The pub on the face of it fails a lot of tests when considering if to drink at a pub. It is very much a traditional boozer, but looks like the last redecoration was when Maggie Thatcher was in power and the drinks selection was poor with only big brands on the bar and slightly overpriced with it. **There were also some strange types hanging about, but given we are sitting there just before a Russell Brand gig I consider that par for the course. *However the staff are friendly and served customers quickly which goes a long way in my eyes.
We overheard one of the staff saying the place was a “goldmine” and I can well believe it. *The area surrounding it is some what run down in places, so rents will be reasonable, and there are no other bars on the main road for about ½ a mile as far as I could see, so it has got the pre gig beer market sewn up. *When you have several thousand people descending on the area five nights a week, you only need 100-200 of them to fill the pub over the preceding hours and you are coining it in. *You don’t even have to try with the beer as people will put up with a generic selection for the convenience and the one off nature of the visit. *At least you are getting a genuine pint and not being charged £3.90 for a can of Strongbow or Tuborg poured into a plastic glass as per the bar inside the venue, at least Dick Turpin wore a mask!

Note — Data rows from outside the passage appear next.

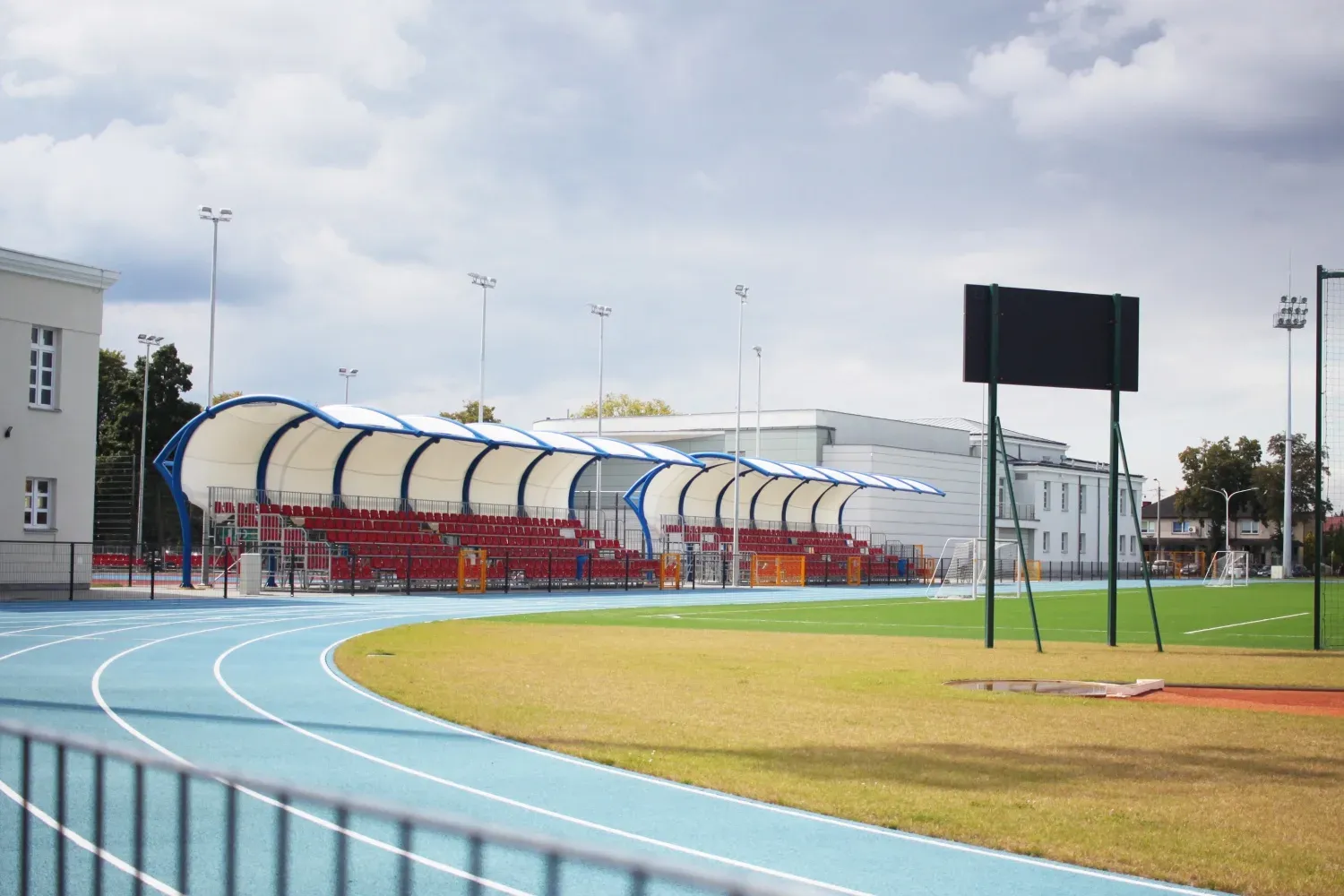 Przebudowa stadionu miejskiego — PVC — Sierpc, Polska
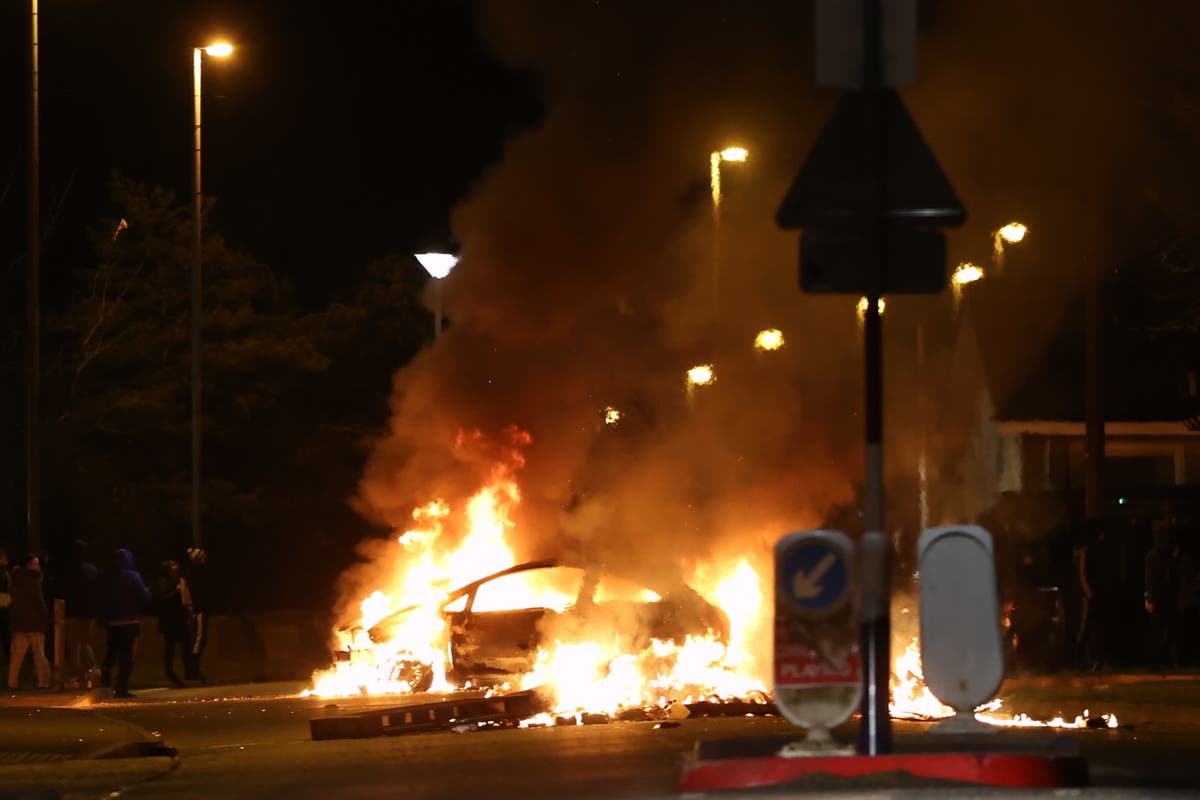 Northern Ireland violence: What is fuelling unrest in loyalist areas?
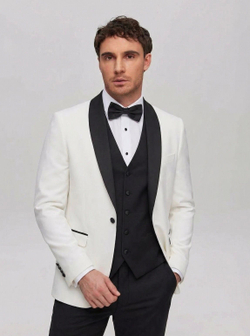 Мужской смокинг тройка (белый) А55
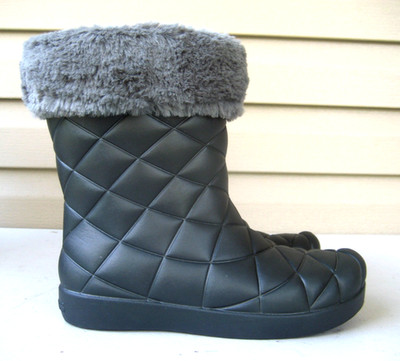Crocs womens Rain Boots Black  Size 7 MINT WORN ONCE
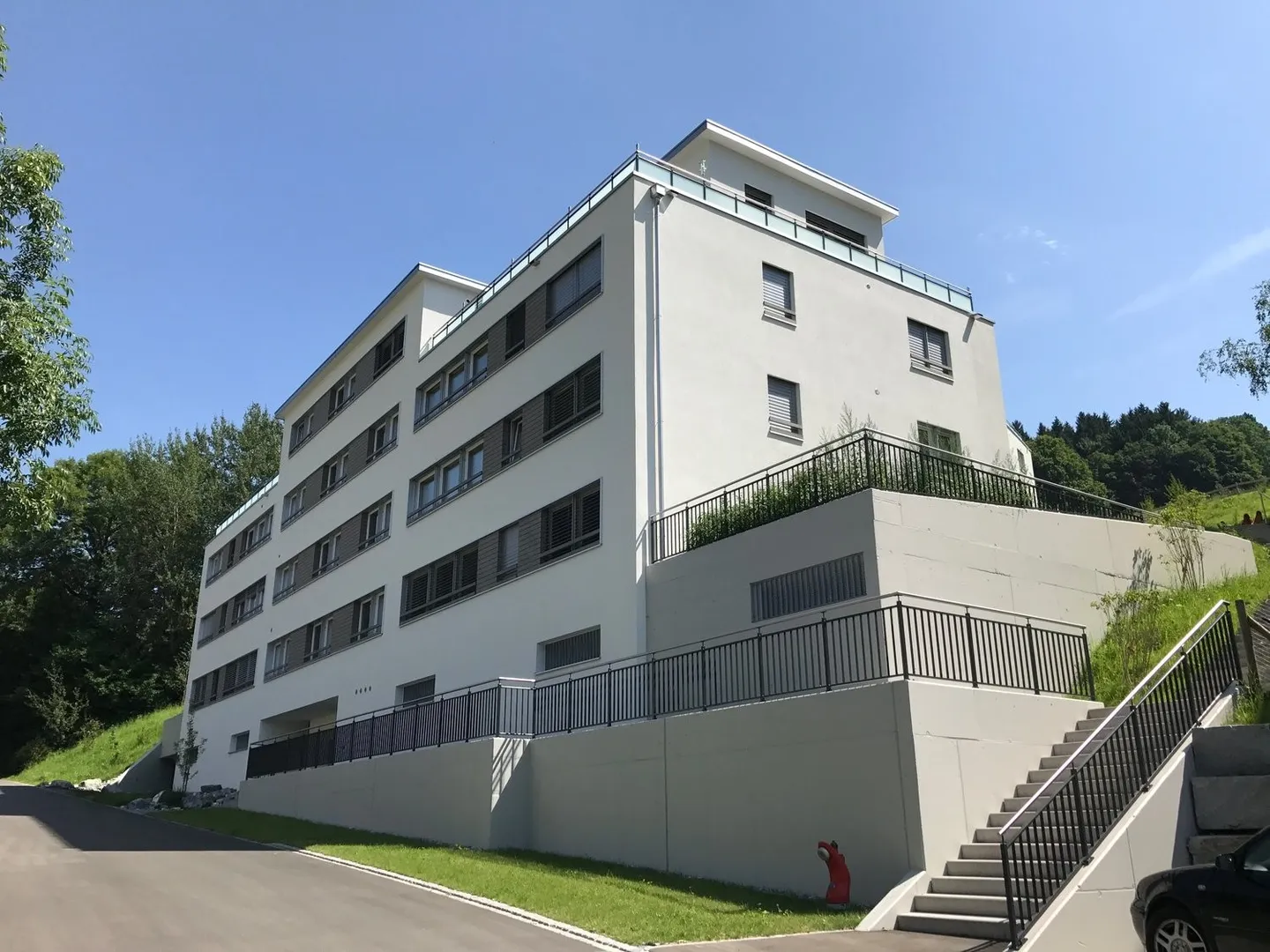 Moderne 3.5-Zi. Wohnung - Foto 1 von 8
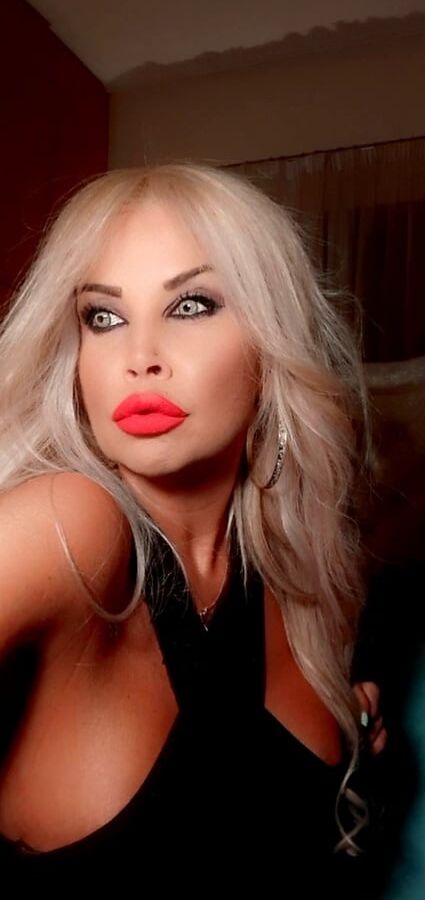 Greek Huge Tits Milf Vol
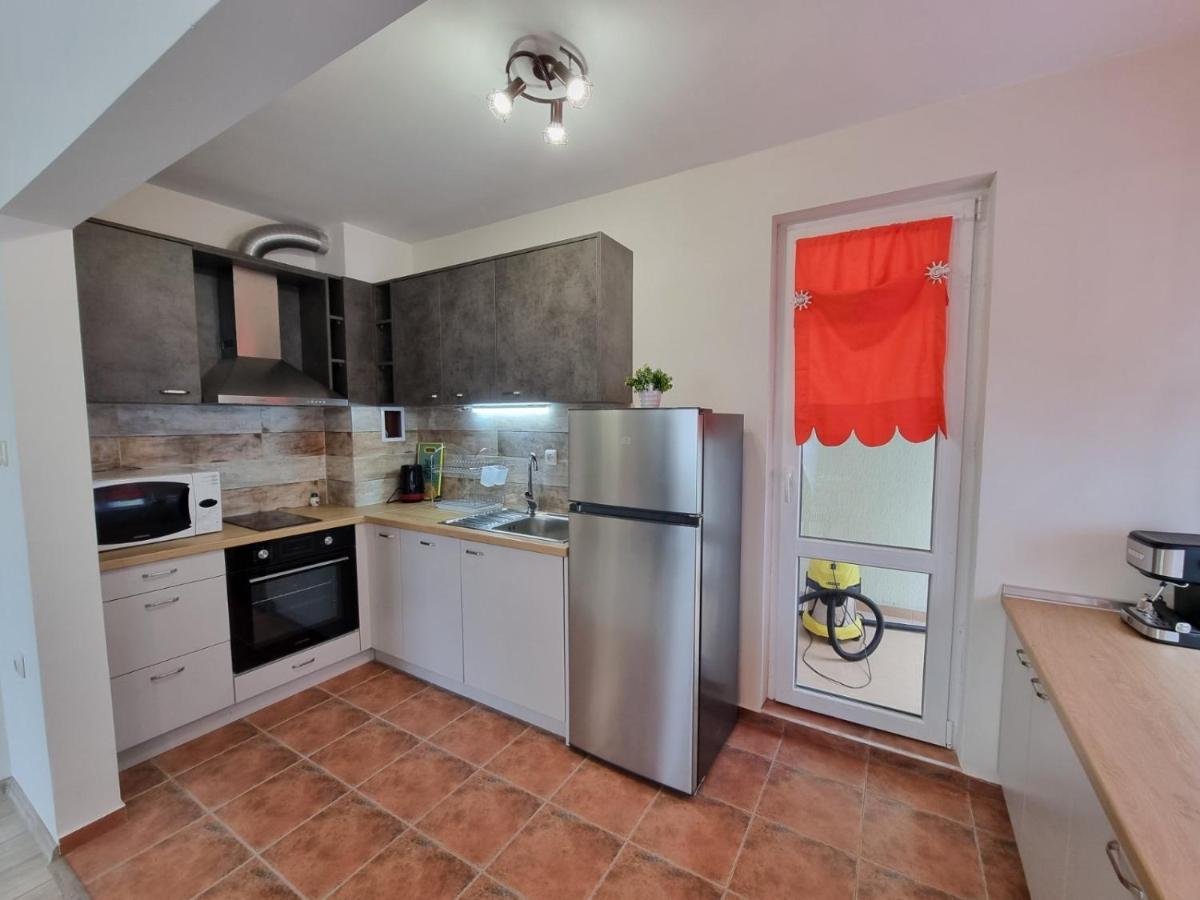 בורגאס Flora - Beautiful *New* Apartment To The Beach מראה חיצוני תמונה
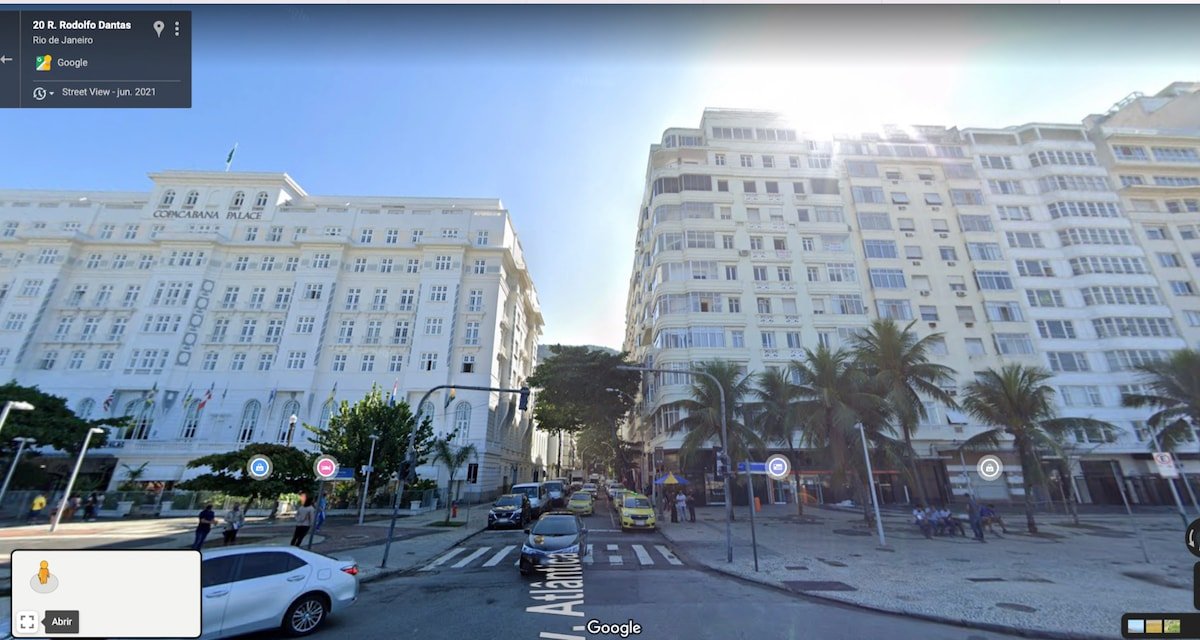 Copacabana beach apartment gallery image 5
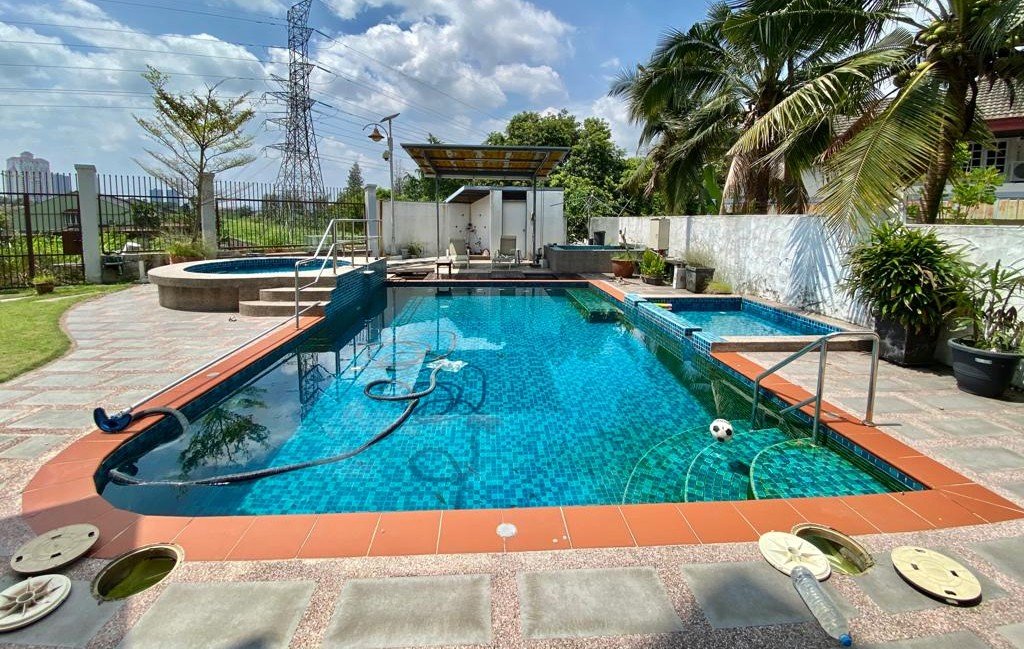 Subang Jaya Bungalow for Rent | Spacious with Pool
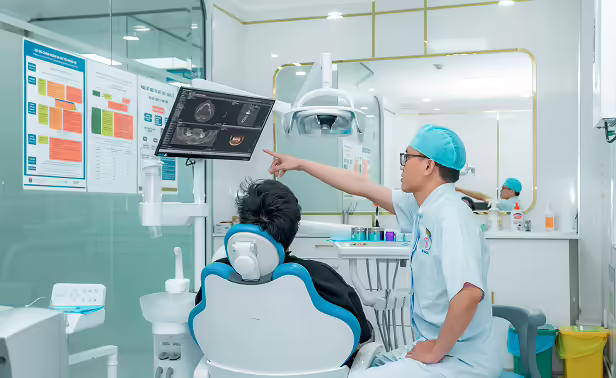 Bác Sĩ Nguyễn Thành Luân Tận Tậm Trong Mỗi Ca Điều Trị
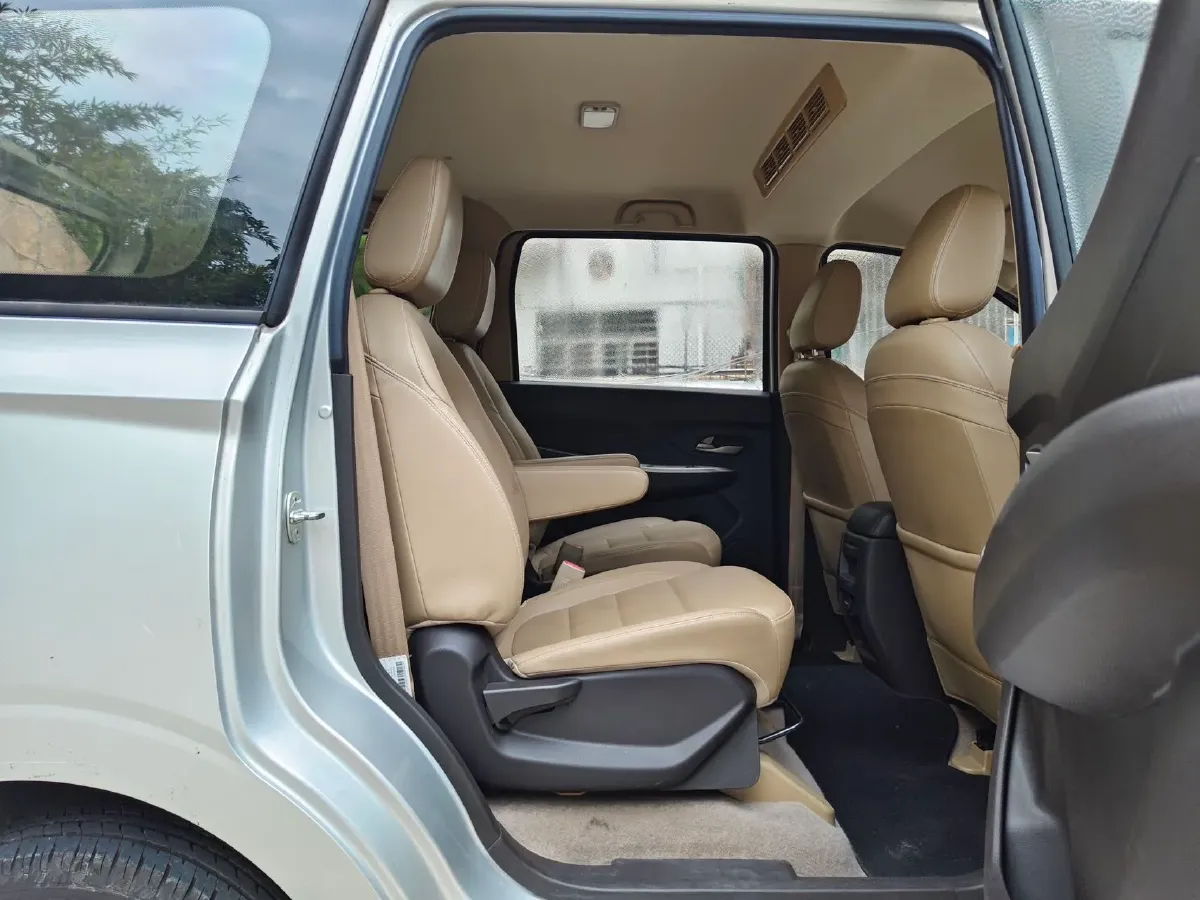 2019 WuLing HongGuang 1.5L 99HP L4 6MT,autocango,china used car exporter,china ev exporter,chinese used car exporter,chinese used ev exporter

What I did notice is that most of the pubs I remember in Manchester City Centre haven’t changed a lot since I worked there 6 years ago, the big brands still dominate the Victoria Station end of Deansgate and its good to see that bars like Temple (occupying the old underground toilets near Oxford Road station) and the Peveril of the Peak (with the best example of a polished tiled exterior I have seen on a pub) all doing good trade still, with Knott Bar at far end of Deansgate looking busy as always. *It shows that a good pub will survive the test of time without the need to re-invent itself every few years.
Regarding the big brands, Manchester is big enough with its population of 500,000 (not including Greater Manchester which adds another 2 million) of which 50,000 are students to support drinking venues of all types of which there are over 400 if you include clubs and cafe bars. *This brings me back to Halifax and its surrounding towns, the population is relatively small compared to this major city with the whole of Calderdale having only 204,000 people in total as well as having many less people of the peak drinking age between 18 and 30 than Manchester has students, who outnumber them 50,000 to 28,000.
There is only a limited capacity for any business, pubs and bars included, and these students sustain a huge number of the Manchester pubs for the 9 months they are present in the city, also remembering that close proximity can take a drinker to a greater number of venues over the course of an evening that if you went out in Brighouse, Elland or Hebden Bridge. *Halifax or Sowerby Bridge is the only real place where a sustained pub crawls are truly possible, with Hebden having to take in pubs on the outskirts to achieve the same thing.
Yes, we have lost a lot of pubs, but those that have survived are the better ones. **A combination of economics, geography and demographics means we can support less pubs per head than bigger cities. *We need to look after those pubs which are there to serve us still.